The final iteration, if you still need more speed, is based on the observation that most of your voxels overlap significantly. You pre-calculate for every 3x3x1 slice the median value. Then, when you need an initial pivot for your 3x3x3 voxel cube, you take the median of the the three. You know a priori that there are 9 voxels smaller and 9 voxels larger than that median of medians (4+4+1). So, after the first pivotting step, the worst cases are a 9/17 and a 17/9 split. So, you'd only need to find the 4th or 13th element in a float[17], instead of the 12th or 14th in a float[26].


Background: The idea of copying first a pivot and then the rest of a float[N] to a float[2N-1], using left and right pointers is that you fill a float[N] subarray around the pivot, with all elements smaller than the pivot to the left (lower index) and higher to the right (higher index). Now, if you want the Mth element, you might find yourself lucky and have M-1 elements smaller than the pivot, in which case the pivot is the element you need. If there are more than (M-1) elements smaller than the pivot, the Mth element is amongst them, so you can discard the pivot and anything bigger than the pivot, and seacrh for the Mth element in all the lower values. If there are less than (M-1) elements smaller than the pivot, you're looking for a value higher than the pivot. So, you'll discard the pivot and anything smaller than it.

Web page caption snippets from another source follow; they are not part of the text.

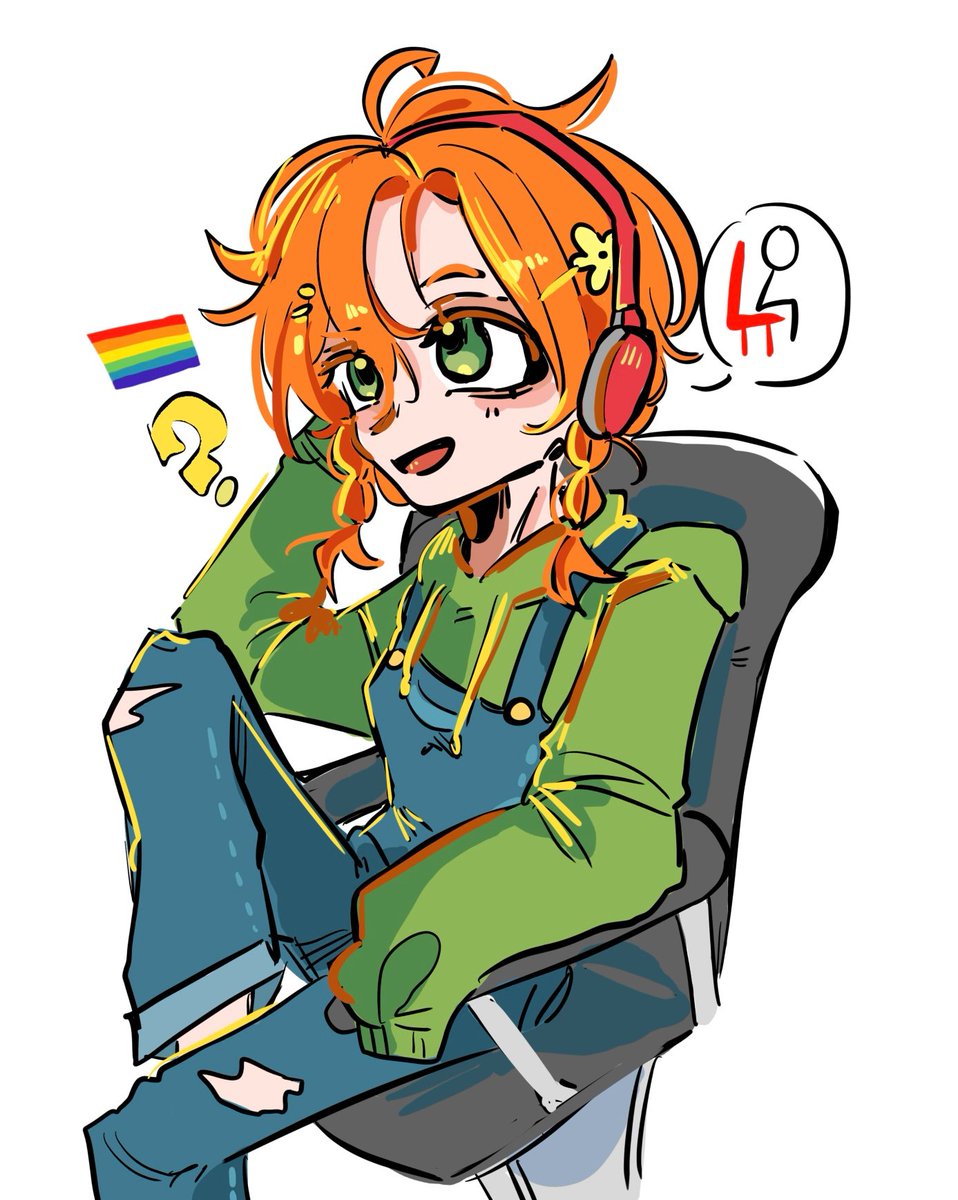 Sketchi3r's tweet image. How gay do you sit?

#Geminitayfanart #traffictwt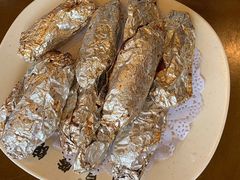 锡纸包鸡翅-日昌餐馆(亦庄店)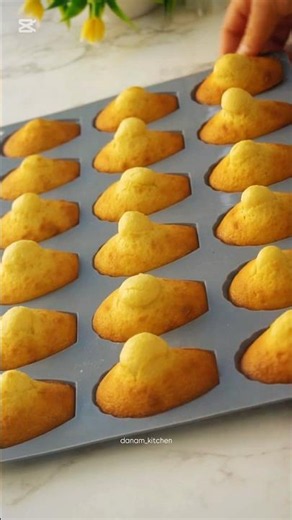 Madlen #dessert #recipe #food #baking #trending #shorts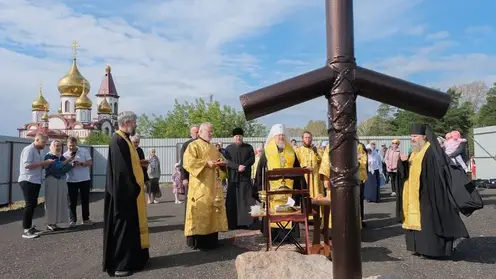 Новый храм появится рядом с «Красивым берегом» в красноярском Академгородке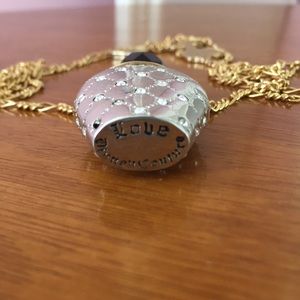 Disney Couture Alice in Wonderland Necklace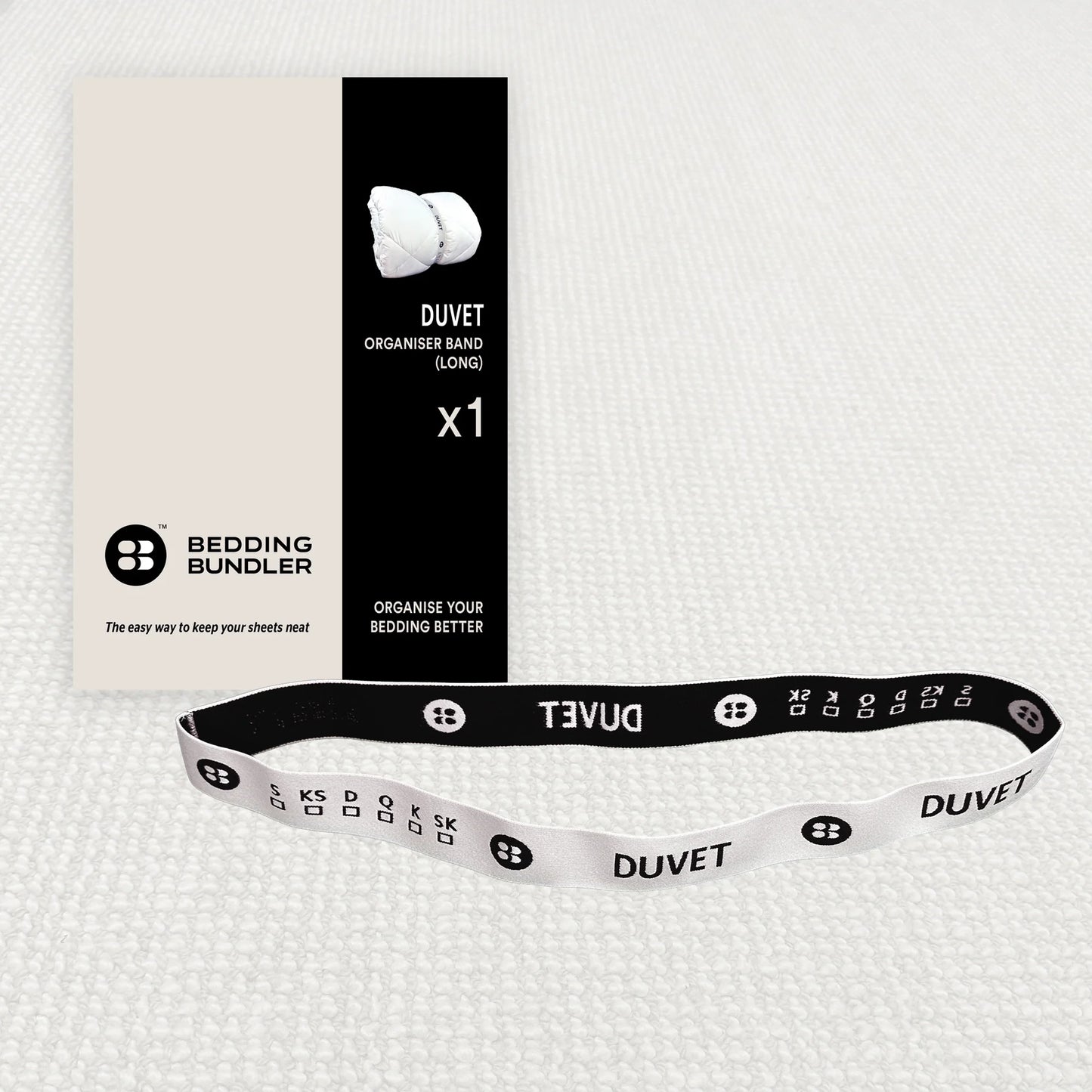Duvet Organiser Bands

Let the number of elements less than the pivot, i.e. to the left of the pivot be L. In the next iteration, you want the (M-L-1)th element of the (N-L-1)floats that are bigger than the pivot.

This kind of nth_element algorithm is fairly efficient because most of the work is spent copying floats between two small arrays, both of which will be in cache, and because your state is most of the time represented by 3 pointers (source pointer, left destination pointer, right destination pointer).

To show the basic code:

float in[27], out[53];
float pivot = out[26] = in[0];     // pivot
float* left = out+25, right = out+27
for(int i = 1; i != 27; ++1)
if((in[i]<pivot)) *left-- = in[i] else *right++ = in[i];
// Post-condition: The range (left+1, right) is initialized.
// There are 25-(left-out) floats <pivot and (right-out)-27 floats >pivot

A sorting network generated using the Bose-Nelson algorithm will find the median directly with no loops/recursion using 173 comparisons. If you have the facility to perform comparisions in parallel such as usage of vector-arithmetic instructions then you may be able to group the comparisions into as few as 28 parallel operations.

If you are sure that the floats are normalized and not (qs)NaN's, then you can use integer operations to compare IEEE-754 floats which can perform more favorably on some CPU's.

A direct conversion of this sorting network to C (gcc 4.2) yields a worst-case of 388 clock cycles on my Core i7.